I'll discuss the solution in terms of Python because I don't have C# installed on this Mac, but C# has iterators, so what I'm talking about will work.

First of all, as you discovered, you DO NOT want to return the whole list. It consumes a tremendous amount of memory. Instead return an iterator as in https://msdn.microsoft.com/en-us/library/65zzykke(v=vs.100).aspx that will return each element of your list in turn.

Secondly, you can build iterators out of iterators.
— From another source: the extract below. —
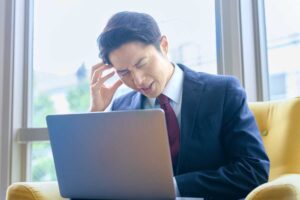 不動産投資に失敗して頭を抱える人のイメージ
The first one is the one that does subsets where the last element pushes you to your threshold and beyond:

def minimal_subset_iter (product, threshold):
    # Sort smallest to the front so that we skip no combinations that
    # will lead to our threshold in any order.
    ids = list(sorted(product.keys(), key=lambda key: (product[key], key)))
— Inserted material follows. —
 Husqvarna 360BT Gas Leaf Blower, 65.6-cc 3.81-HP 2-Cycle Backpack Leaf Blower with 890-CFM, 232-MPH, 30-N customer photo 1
    # Figure out the size of the trailing sums.
    remaining_sum = []
    total_sum = sum(product.values())
    for i in range(len(ids)):
        remaining_sum.append(
            total_sum - sum(product[ids[j]] for j in range(i)))
    remaining_sum.append(0)

    # We modify this in place and yield it over and over again.
    # DO NOT modify it in the return, make a copy of it there.
    chosen_set = []
    def _choose (current_sum, i):
        if threshold <= current_sum:
            yield chosen_set
        elif threshold <= current_sum + remaining_sum[i]:
            # Can I finish without this element?
            for x in _choose(current_sum, i+1):
                yield x

            # All of the ways to finish with this element.
            chosen_set.append(ids[i])
            current_sum = current_sum + product[ids[i]]
            for x in _choose(current_sum, i+1):
                yield x
            # Cleanup!
            chosen_set.pop()

    return _choose(0, 0)


for x in minimal_subset_iter({1: 5, 2: 5, 3: 8, 4: 15}, 15):
    print(x)

And now you need an iterator that turns a minimal subset into all permutations of that subset where the last element pushes you to the threshold.
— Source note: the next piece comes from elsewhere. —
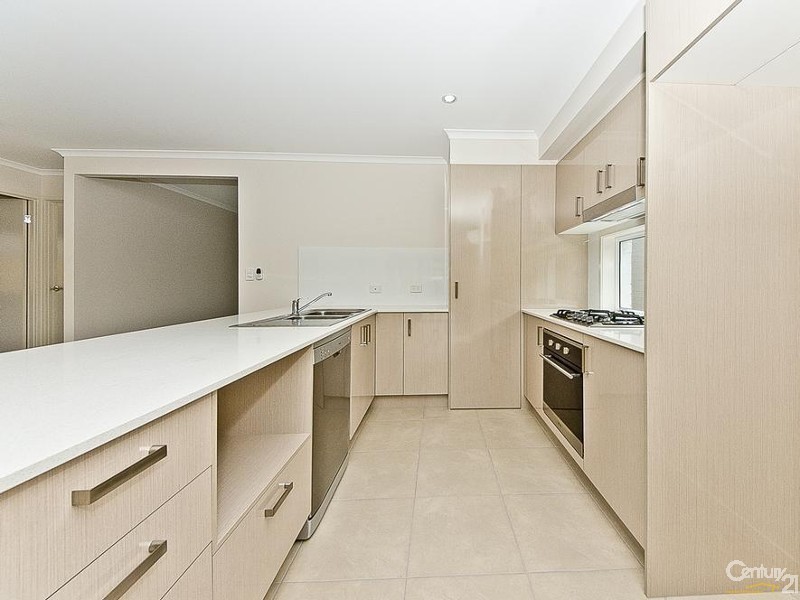 42 Cootharaba Crescent, Warner QLD 4500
I won't write that one since the principle is straightforward. And besides you have to translate it into a different language. But the idea is to pull out each possibility for that last element that reaches the end, run permutations of the rest, and append the last element back before yielding it.

This algorithm will be very efficient on memory (it basically keeps the dictionary and the current permutation) and also quite efficient on performance (it has a lot of lists to create, but will waste little time creating ones that it doesn't need). It does, however, take some time to wrap your head around this way of working.